Quick rule of thumb: passkey or hardware key first, authenticator app second, SMS only if nothing else is offered. Any of them is better than relying on a password alone.

Passkeys, explained simply

A passkey is a modern replacement for the password. When you create one, your device generates a matched pair of keys. The public half is stored by the website; the private half never leaves your device and is unlocked by your fingerprint, face or screen lock. To sign in, your device proves it holds the private key without ever revealing it.

This design quietly removes several classic problems at once. There is no password to reuse across sites, nothing memorable to guess, and nothing useful for a fake page to steal — a passkey only works on the real website it was made for. For a deeper look at why reuse is so risky, see our guide on why reusing passwords is so dangerous.

Passkeys usually sync securely across your devices through your platform or password manager, and you can approve a sign-in on a laptop by confirming on your nearby phone. In practice it feels like unlocking your phone — quick and familiar — while being dramatically more resistant to phishing.

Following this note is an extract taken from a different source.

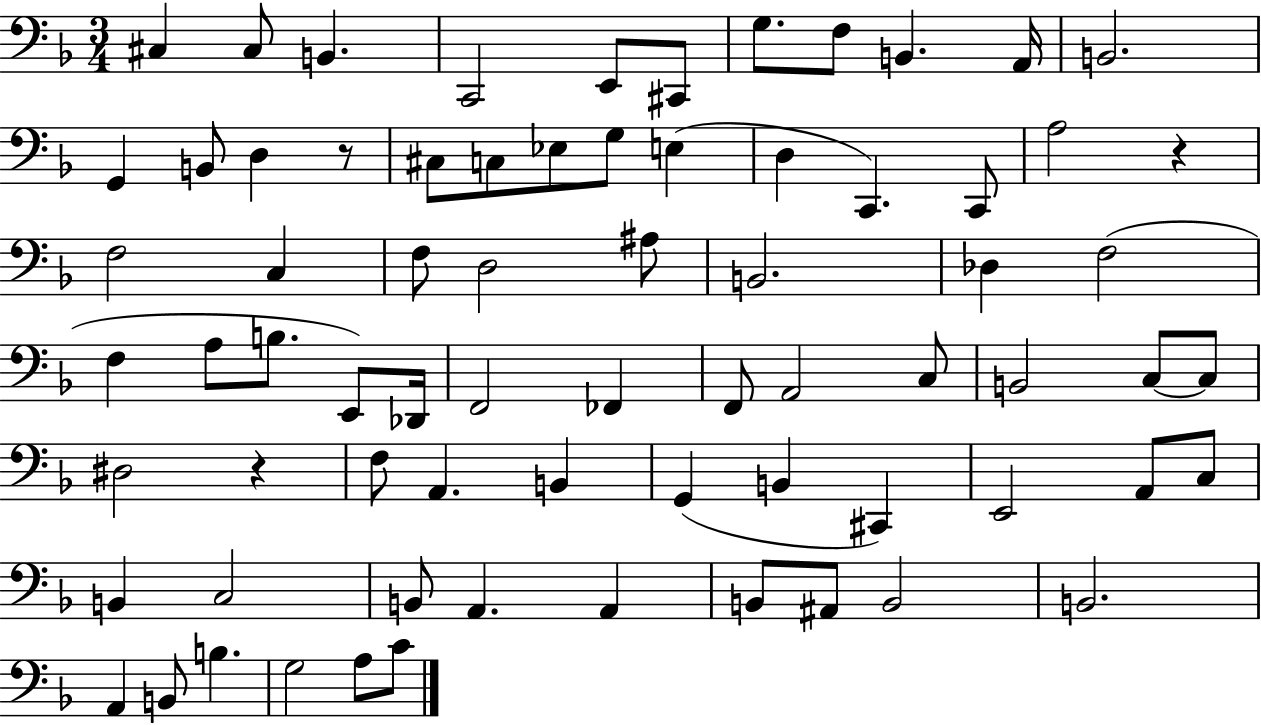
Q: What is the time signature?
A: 3/4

How to turn the strongest option on

Most services keep these controls under Settings, then Security or Sign-in. Look for headings such as Two-step verification, Two-factor authentication or Passkeys. The general path is the same everywhere:

  • Open the account's security settings and choose to add a second step or a passkey.
  • If offered, pick a passkey or an authenticator app over SMS.
  • For an authenticator app, scan the on-screen code with the app and enter the six-digit code it shows to confirm.
  • Save your backup or recovery codes. Store them offline somewhere safe — they are your way back in if you lose your phone.

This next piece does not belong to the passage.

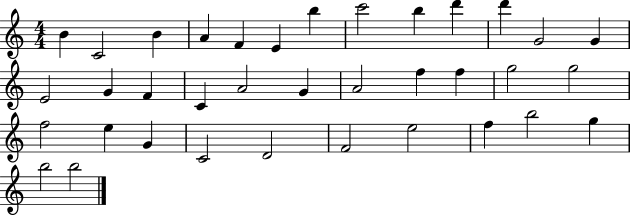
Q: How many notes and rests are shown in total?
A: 36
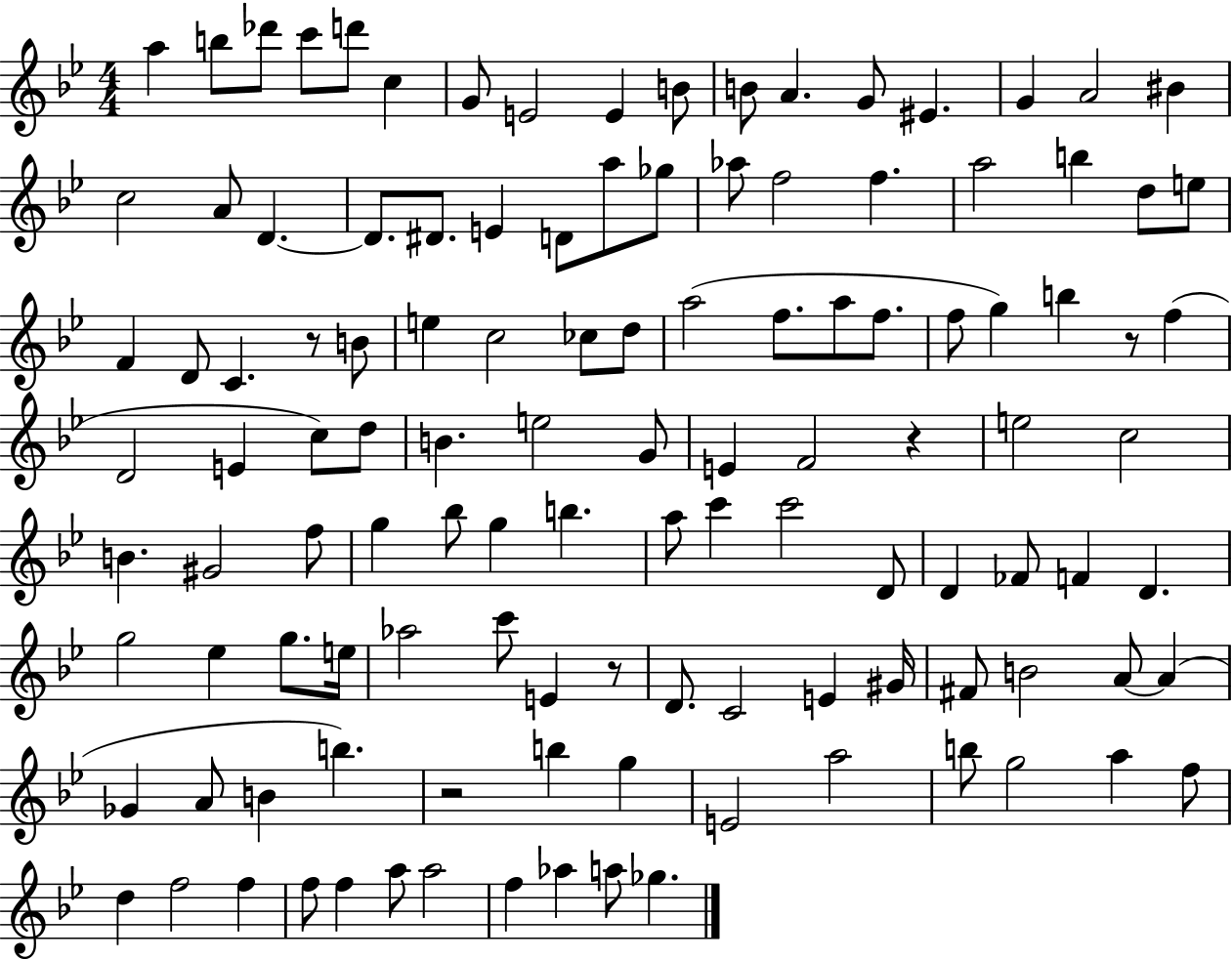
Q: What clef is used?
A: treble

Start with the accounts that matter most: your email, your password manager and your banking. Securing your inbox is especially important, because it can reset almost everything else — our guide on how to secure your email walks through it step by step.

Common worries, settled

People often hesitate over two fears: being locked out, and the hassle. Lock-out is solved by saving recovery codes and registering more than one method where possible, such as a passkey on two devices. The hassle is smaller than expected — many services only re-prompt on new devices or occasionally, so day-to-day life barely changes while your protection rises sharply.

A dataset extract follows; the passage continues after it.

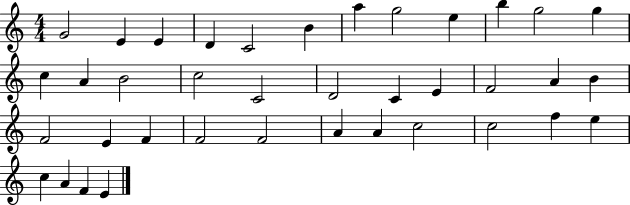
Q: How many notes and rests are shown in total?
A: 38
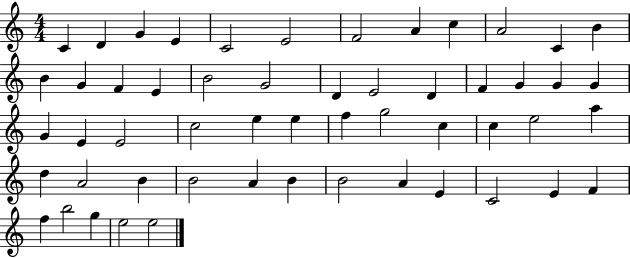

And none of this replaces good passwords; it layers on top of them. A long, random password from our password generator, combined with a strong second factor, is a genuinely tough combination to beat. If you want to sanity-check an existing password first, our password analyser estimates its strength right in your browser.

The bottom line

Two-factor authentication turns a stolen password into a dead end, and passkeys remove the stealable password almost entirely. Turn on the strongest option your key accounts offer, keep your recovery codes somewhere safe, and you will have closed the door on the most common kind of account takeover.

Frequently asked questions

Is SMS two-factor authentication still worth using?

Yes — any 2FA is far better than none. But if an authenticator app or a passkey is offered, choose that instead, because text codes can be intercepted through SIM-swapping and phishing.

What happens if I lose my phone with the authenticator app?

This is why you save backup codes when you set 2FA up. Store them somewhere safe and offline. Many authenticator apps also let you back up encrypted copies so you can restore them on a new device.

Are passkeys safer than passwords?

For most people, yes. A passkey cannot be reused, guessed or phished in the usual way, because the secret never leaves your device and only works on the genuine website it was created for.

Do I still need a password if I use a passkey?

Often the account still has a password as a fallback, so keep it strong and unique. Over time some services may let you remove the password entirely once a passkey is set up.

Can I use the same passkey on my phone and laptop?

Yes. Passkeys sync through your platform or password manager, and you can also approve a sign-in on a nearby device, so one account can be reached from several of your gadgets.

This article is general online-safety education, not professional security advice.